Japanese manga series

Kajika (カジカ) is a Japanese manga series written and illustrated by Akira Toriyama. It was originally serialized in Weekly Shōnen Jump in 1998, with the twelve chapters collected into a single tankōbon volume by Shueisha. Although it has not been licensed for an English-language release, Kajika has been translated and published in several European territories.

==Plot==
Kajika is the story of the title protagonist and his quest to return to being a normal boy. As a member of the Kawa Tribe (カワ族, Kawazoku), Kajika is extremely strong and has special powers. As a child, Kajika was very evil. His greatest known evil was chasing after a defenseless fox and smashing it with a giant rock. Upon being killed, the spirit of the fox cursed Kajika and Kajika was turned into a fox-man. Kajika was then kicked out of his village because of his monstrous appearance, and the only way to break the curse was to save the lives of 1,000 life forms. The spirit of the dead fox, named Gigi, decided to accompany Kajika on his journey. Upon saving 1,000 life forms, Kajika will go back to being a boy and Gigi will once again get its body back.

After five years of saving life forms, the team only has ten more lives to save. One day, Kajika runs across a girl and saves her from a gang of bad guys. After defeating the gang, Kajika then uses a special power to remove all of their evil, turning them good. Kajika learns that the girl he saved is named Haya, and is told that the guys were after her because of the Dragon Egg she possesses. The Dragon egg is extremely rare and was stolen by the gang leader Gibachi from Ronron Island (ロンロン島). Haya then went to Sumakia and stole it from Gibachi. She then went on a quest to return the egg. Gibachi tries to kill Haya and recover the egg. Haya then asks Kajika to help her on her quest.

As the three go to Ronron island we are told why Gibachi wants the egg so badly. There is an old saying that says if you drink the blood of a young Dragon, then you will gain incredible powers. No one is sure if this is true, but the baby dragon does have Dragomin in its blood which allows it to mature extremely fast. As the three set off, though, Haya makes up an excuse as to why she can not continue, but it is really because she fears Gibachi. So, now it is up to Kajika and Giri to return the egg, but it will not be so easy now that they are being hunted down by the world-famous assassin known as Isaza, who is also a member of the powerful Kawa tribe.
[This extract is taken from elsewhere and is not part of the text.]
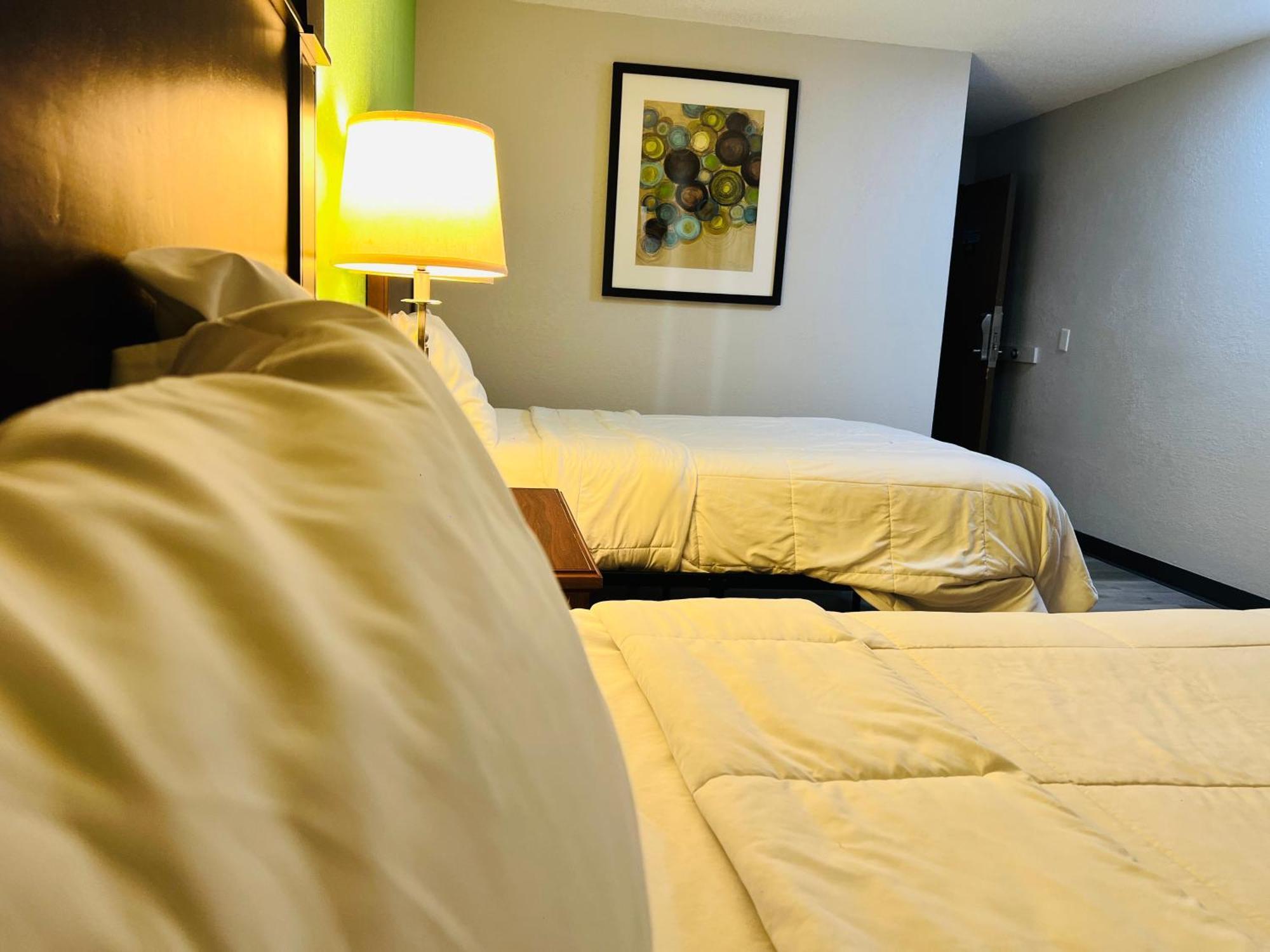 Super Inn By Oyo Lansing Mi Zewnętrze zdjęcie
Kajika is an extremely strong boy, but it is also revealed that being turned into a fox-man is holding down his true powers.

==Characters==
- Kajika (カジカ)
- Gigi (ギギ)
- Haya (ハヤ)
- Isaza (イサザ)
- Donko (ドンコ)
- Gibachi (ギバチ)

==Media==
===Manga===
Written and illustrated by Akira Toriyama, Kajika was serialized in Weekly Shōnen Jump magazine from issue #32 to #44 of 1998. The twelve chapters were collected into one tankōbon volume that was released on January 8, 1999, by Shueisha.

Kajika has been translated and released in foreign countries, such as in France by Glénat, Spain by Planeta DeAgostini, Malaysia by Comics House, Finland by Sangatsu Manga, and in Germany, Sweden and Denmark by Carlsen Verlag.

====Chapter list====

| No. | Release date | ISBN |
| 01 | January 8, 1999 | 4-08-872658-8 |
| Chapter 01: Norowareta Kajika (呪われたカジカ); Chapter 02: Gibachi no Yabō (ギバチの野望); Chapter 03: Kajika to Isaza (カジカとイサザ); Chapter 04: Daisan no Otoko (第3の男); Chapter 05: Isaza no Jitsuryoku (イサザの実力); Chapter 06: Donko no Sakusen (ドンコの作戦); | Chapter 07: Kajika no Shokku (カジカのショック); Chapter 08: Gibachi no Doragon Pawā (ギバチのドラゴンパワー); Chapter 09: Tokeru ka!? Noroi (解けるか!?呪い); Chapter 10: Kessen! Kajika tai Gibachi (決闘!カジカ対ギバチ); Chapter 11: Kajika no Mayoi (カジカの迷い); Chapter 12: Yasashii Kajika (やさしいカジカ); |

== Reception ==
Animerica Extra columnist Patricia Duffield stated that Kajika was regularly stocked in Japanese bookstores within the United States. She described Kajika as a highly entertaining adventure story due to Toriyama's easy-to-follow writing and comic style and for possessing "the art of a master of action".